Ying-Zhang Chen¹, Craig L. Bennett¹, Huy M. Huynh¹, Ian P. Blair¹, Imke Puls³, Joy Irobi⁴, Ines Dierick⁴, Annette Abel³, Marina L. Kennerson^6, 7, Bruce A. Rabin⁸, Garth A. Nicholson^6, 7, Michaela Auer-Grumbach⁹, Klaus Wagner⁹, Peter De Jonghe^4, 5, John W. Griffin⁸, Kenneth H. Fischbeck³, Vincent Timmerman⁴, David R. Cornblath⁸ and Phillip F. Chance^1, 2, ,  

¹ Division of Genetics and Developmental Medicine, Department of Pediatrics, University of Washington, Seattle
² Department of Neurology, University of Washington, Seattle
³ Neurogenetics Branch, National Institute of Neurological Disorders and Stroke, Bethesda
⁴ Molecular Genetics Department, Flanders Interuniversity Institute for Biotechnology, University of Antwerp, Antwerp
⁵ Department of Neurology, University Hospital of Antwerp, Antwerp
⁶ Neurobiology Laboratory, ANZAC Research Institute, University of Sydney, Sydney
⁷ Concord Hospital, Sydney
⁸ Department of Neurology, Johns Hopkins University School of Medicine, Baltimore
⁹ Institute of Medical Biology and Human Genetics, Karl Franzens University, Graz, Austria

Address for correspondence and reprints: Dr.
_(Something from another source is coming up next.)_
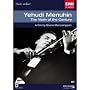 Archives Le Violon Du Siecle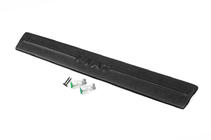 Fiat Doblo I 2005-2010 Middle Winter Grille Cover photo 4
Phillip F. Chance, Department of Pediatrics, Box 356320, Room RR247, University of Washington, Seattle, WA 98195.

Abstract

Juvenile amyotrophic lateral sclerosis (ALS4) is a rare autosomal dominant form of juvenile amyotrophic lateral sclerosis (ALS) characterized by distal muscle weakness and atrophy, normal sensation, and pyramidal signs. Individuals affected with ALS4 usually have an onset of symptoms at age <25 years, a slow rate of progression, and a normal life span. The ALS4 locus maps to a 1.7-Mb interval on chromosome 9q34 flanked by D9S64 and D9S1198. To identify the molecular basis of ALS4, we tested 19 genes within the ALS4 interval and detected missense mutations (T3I, L389S, and R2136H) in the Senataxin gene (SETX). The SETX gene encodes a novel 302.8-kD protein. Although its function remains unknown, SETX contains a DNA/RNA helicase domain with strong homology to human RENT1 and IGHMBP2, two genes encoding proteins known to have roles in RNA processing. These observations of ALS4 suggest that mutations in SETX may cause neuronal degeneration through dysfunction of the helicase activity or other steps in RNA processing.